Da tempo, come sanno tutti, sostengo nei miei libri e nei mei articoli che Bindi si comporti da “imbrogliona”: una ex ministro della Sanità che al governo di destra chiede più soldi per la sanità pubblica ma nello stesso tempo non è in nessun modo disponibile a modificare le terribili politiche neoliberiste da lei fatte con la sua devastante controriforma. In cosa consiste l’imbroglio? Chiedere più soldi per la sanità pubblica oggi, senza toccare di un euro la batteria di incentivi fiscali per mezzo della quale grazie alla riforma Bindi cresce senza soste la privatizzazione, è materialmente impossibile.
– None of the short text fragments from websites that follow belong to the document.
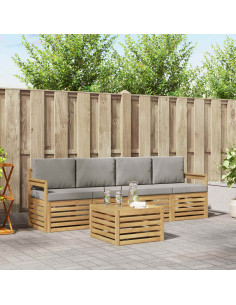 Set di divani da esterno 5 pcs Bianco e Grigio Chiaro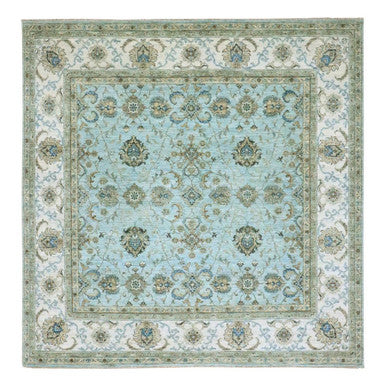 Oushak And Peshawar Wool Hand Knotted Rug Blue 8.0x8.1 -O076134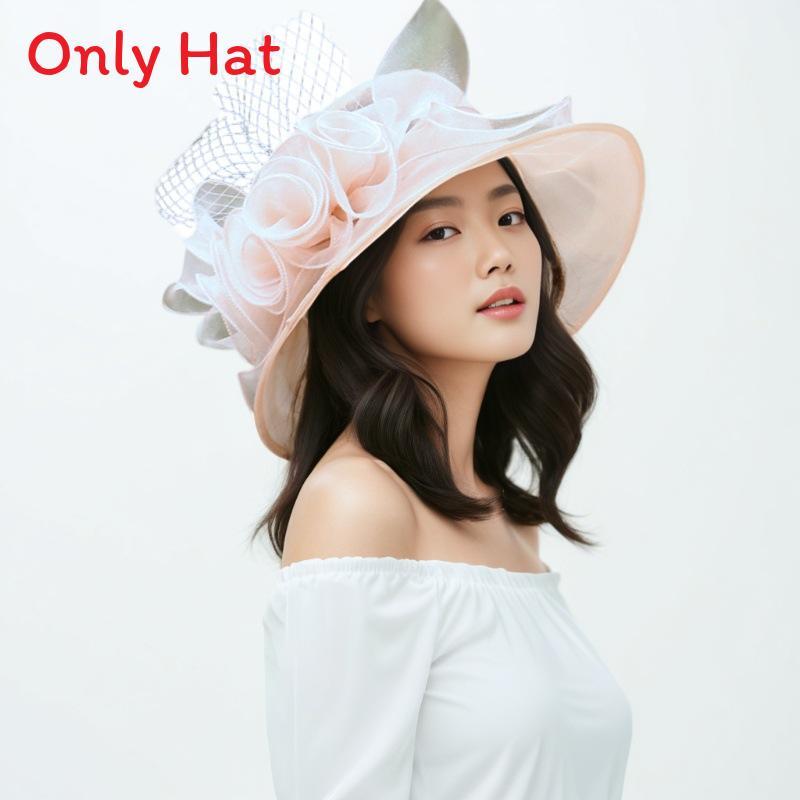 Floral Pattern Retro Large Brim Hat With Uv Sunshade For Beach And Garden Wear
Lo stanziamento per finanziare le due sanità – quella pubblica e quella privata – dovrebbe essere complessivamente raddoppiato e tutti sanno che oggi le condizioni economiche per farlo non ci sono per non tacere del vincolo che il governo ha preso con l’Europa di assegnare il 6% del Pil alle spese militari.